Of course this has slowly changed. Physically, as I've made the house feel more homely and emotionally, as the children have got used to having a mummy back again. It is an ego-crunching realisation to chew on though, knowing that life does indeed go on without you. Yes I obviously don't want people wailing and miserable, all the time at least, but the apparent ease in which your image can be faded is a sobering realisation. I say apparent as I know it wasn't easy for anyone, but after eight months undoubtedly an attempt at coping becomes habit, which in turn becomes a life existing and moving forwards without you in it.

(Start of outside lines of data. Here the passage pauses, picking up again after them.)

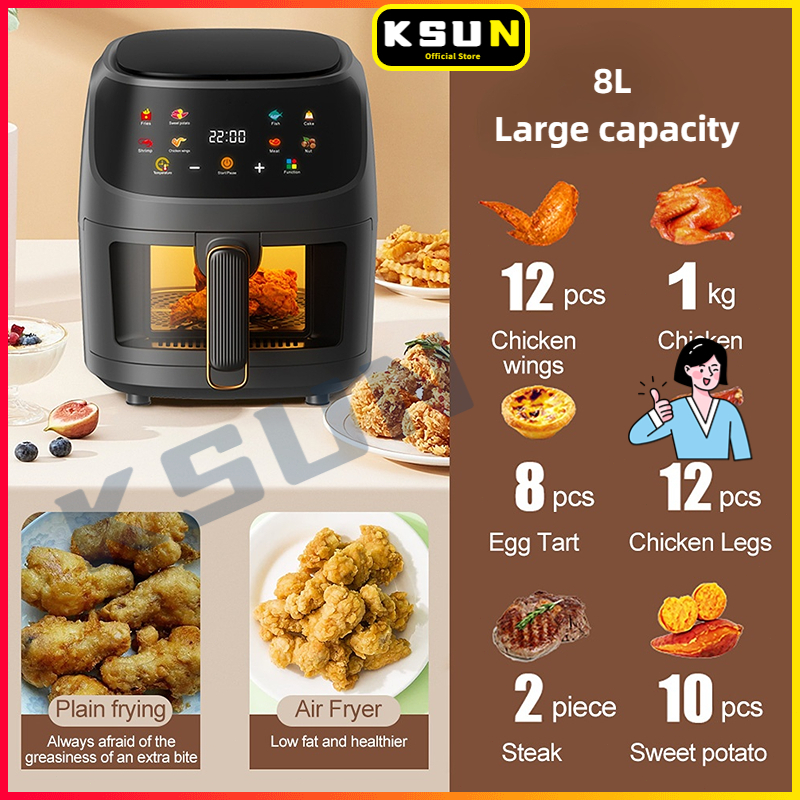 3.8L/4.2L/4.7L Air Fryers Digital Touch Screen Deep Fryer Oil Free Cooker  Air Fryer - China Air Fryer and Oilfree Air Fryer price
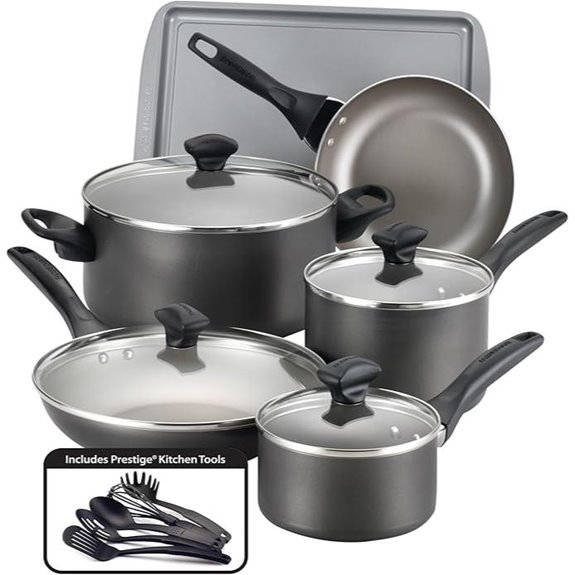 15 piece nonstick cookware set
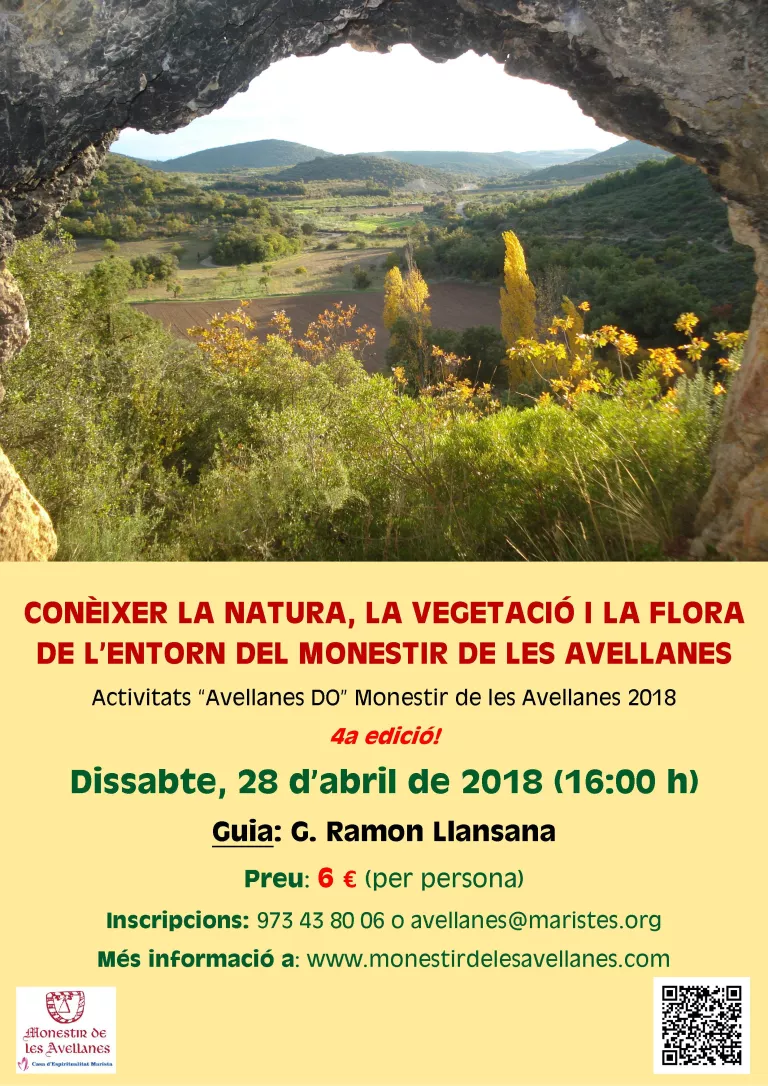 ITINERARI GUIAT PER CONÈIXER LA NATURA DEL MONESTIR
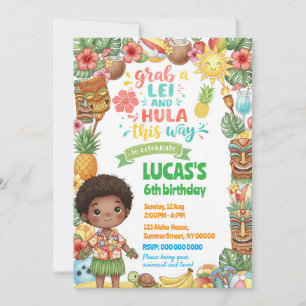 Hawaiian Birthday Boy Invitation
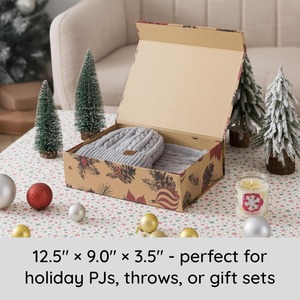 Christmas <b>magnetic</b> gift <b>box</b> with lid, holiday design, and sturdy structure can be customized according to needs - Product Image 4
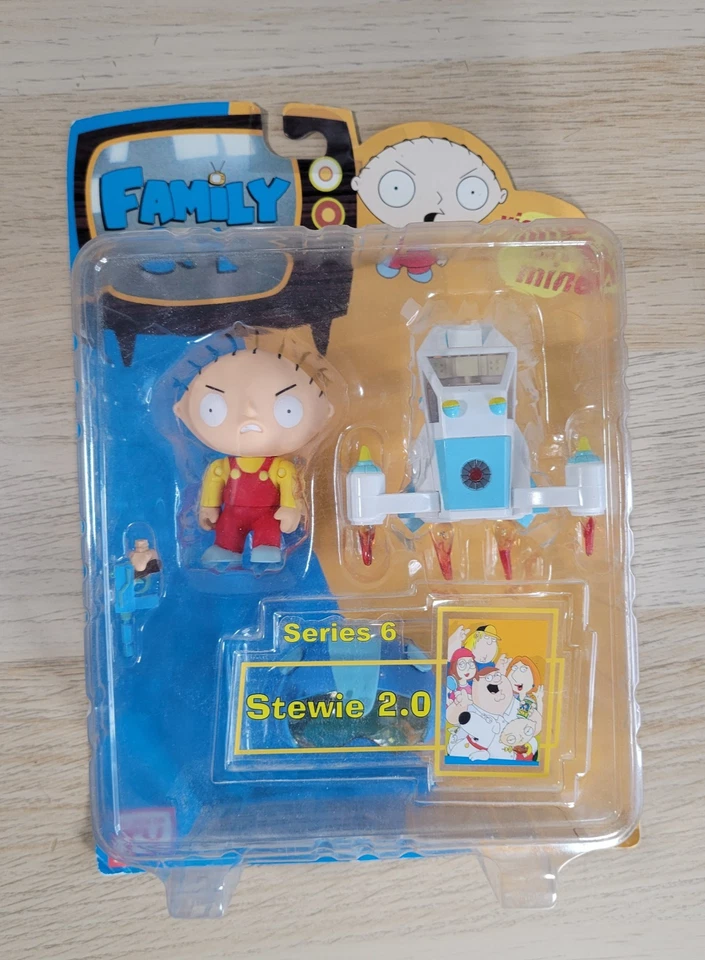 Figura de acción Mezco Family Guy serie 6 Stewie 2.0 2006 coleccionable NUEVO Foto 1 de 4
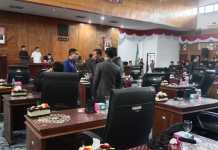 Tak Patut Dicontoh, Seorang Anggota DPRD Keluar Saat Rapat Paripurna APBD-P Tahun 2023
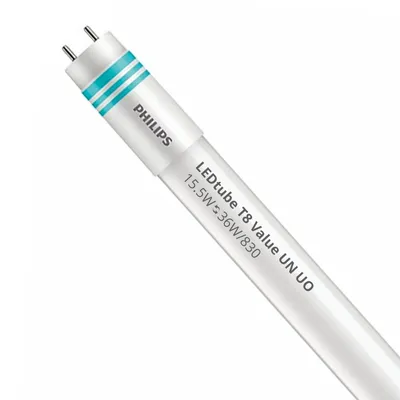 Produktbild von Philips MAS Ledtube VLE UN 1200MM UO 15.5W830 T8 LED-Röhre, Sockel G13, 15,5 Watt, Warmweiß, 3000 K,  16kWh/1000h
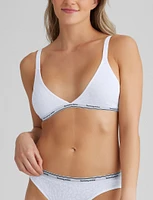 Signature Comfort Lace Triangle Bralette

So two months on I'm almost ashamed to admit that I am living a life that still feels faintly alien, going through the motions wondering how I can slow it all down, stop things changing so much before I've even had a chance to catch up, to grieve for the lost time and piece together the bits of me that make up who I am now. I am gripped by fear that the past will repeat itself, that I won't be able to soften and mould myself into this life for fear that it will disappear again, either through another hospital admission, or other people running out of patience with me, with the situation, with the uncertainty of it all. If you can't trust a life to not abandon you, how can you ever allow yourself room to let go and embrace it fully?
Yes, yes, you don't need to say it, of course I agree with every cliché that you could throw at me about living life for the present and seizing the day and let me make very clear that I sit in my little house with my little kiddies with some part of me in close proximity to Roger and a dog or two trying to lick my hand and I feel happy, truly happy. But the fear that it will be taken away, that I will have to pull those feelings, the comfort and security back again to try and quiet the screaming agony of losing one grain more of this life again is enough to keep me drifting on the periphery, looking for security but constantly glancing over my shoulder waiting for someone or something to rob me of it. So in the meantime I work hard ensuring that everyone else's lives are flying along the course they should be, trying to be that person I should be for everyone but wondering at what point I'll ever believe that I'm able to fly too.